The more you keep your conversations above board, respectful and honest, the better chance you have of leaving a good impression on the buyer.

While that won’t guarantee a closed deal, it certainly doesn’t hurt.

Even your arch-rival competitors have customers who love them, explains sales coach and author David Premier.

Being diplomatic is a competitive selling technique author and sales coach David Priemer swears by. He says that your competition is worthy of your respect and bashing them diminishes your credibility.

“Your competition is worthy of your respect and bashing them diminishes your sense of professionalism.”

Don’t be afraid to praise your competitor when it’s factually true. If they have a kick-ass Salesforce integration, acknowledge it. You can do so without tipping the deal in their favour.

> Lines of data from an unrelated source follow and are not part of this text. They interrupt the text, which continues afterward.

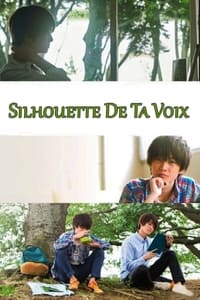 Silhouette de ta voix (2017)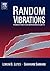 Random Vibrations: Analysis of Structural and Mechanical Systems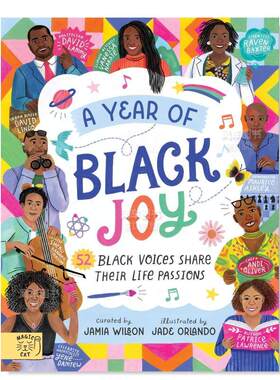【现货】当今黑人成就的欢乐致敬英文儿童绘本人物传记进口原版外版书精装9岁-12岁A Year of Black Joy: 52 Black Voices Share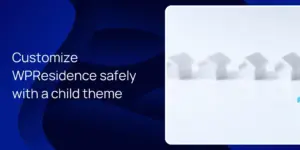 Customize WPResidence safely with a child theme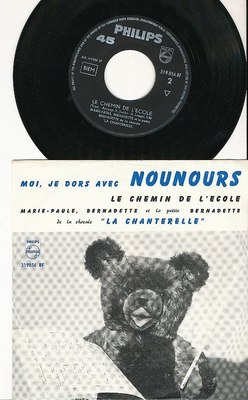 LA CHANTERELLE 45 TOURS BELGIQUE MOI JE DORS AVEC NOUNOURS (EDDIE DEFACQ)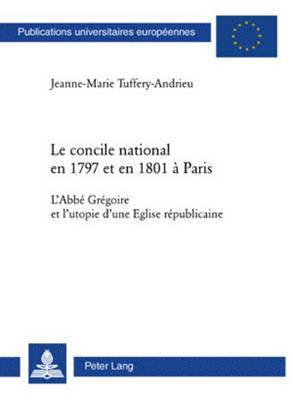 Le Concile National En 1797 Et En 1801  Paris 1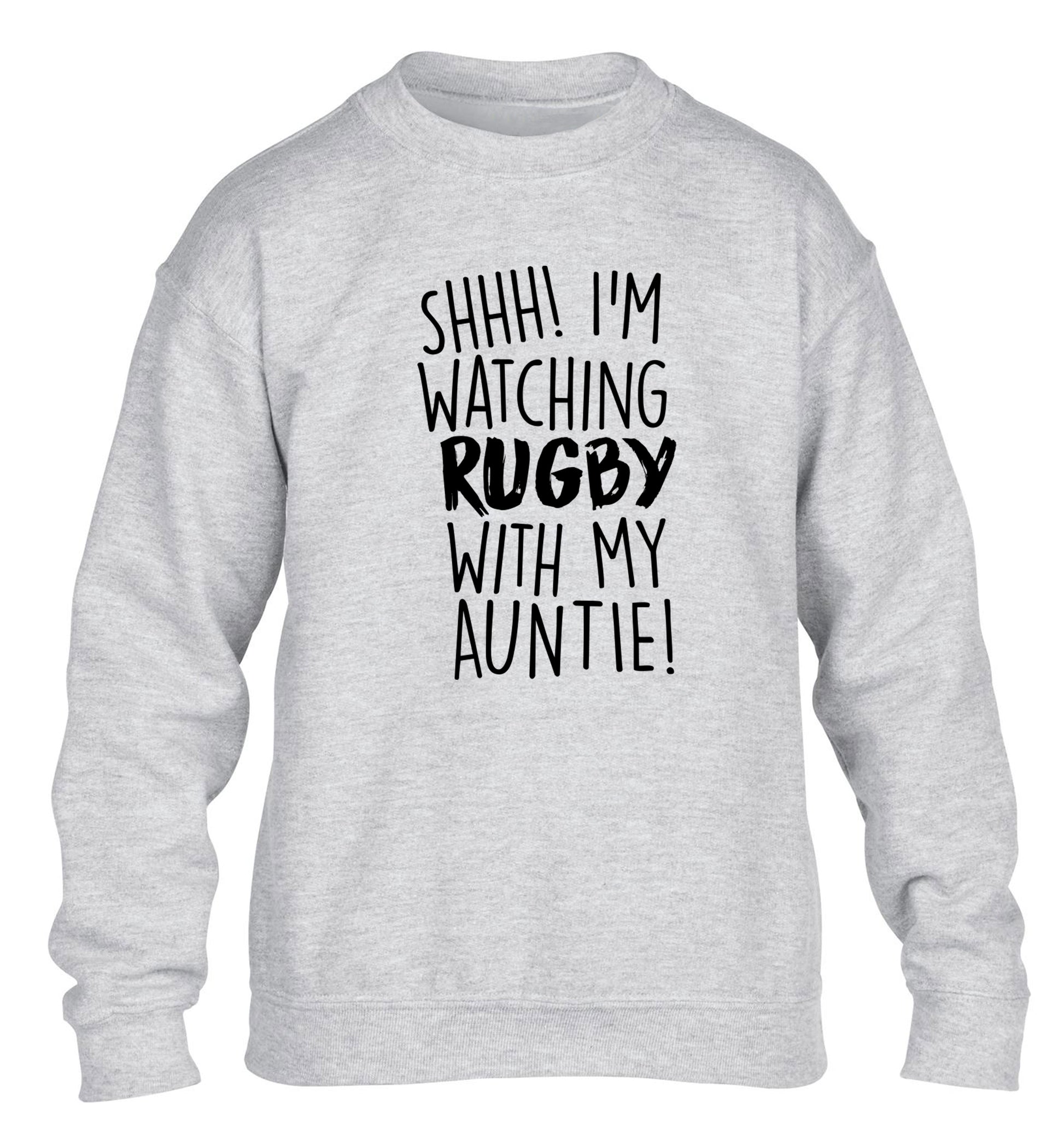 Shhh I'm watchin rugby with my auntie children's grey sweater 12-13 Years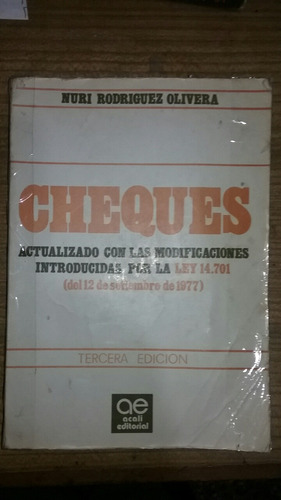 Cheques  Nuri Rodríguez Olivera  Acali Editorial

Deals are won and lost on how you demonstrate your value in being able to solve the buyer’s problems. Not a shiny feature.

4. Make your competitive move early in the deal cycle

If you wait until the latter half of the deal to make a competitive action, it’s already too late.

You need to be proactive, explains Chris Orlob.

“Competitive selling is like making a vase out of wet clay. Once you wait too long and let it dry, you’re not going to be able to form it.”

During his time at Gong, Chris made sure every one of his sellers was proactively gaining an advantage against Chorus, whether they were explicitly in the deal or not.

What does that look like?

It starts with knowing what your most important differentiators are. In Gong’s case, sellers preferred their interface.

Then it turns into a competitive action in the field.

“I’m going to recommend a pilot so that we can showcase our usage stats. Mine are going to look a lot better than Chorus’. Then I’ll pull that usage report to showcase what your sellers are using.”

It’s not enough to just know your differentiators. It’s about proactively bringing them into your sales cycle.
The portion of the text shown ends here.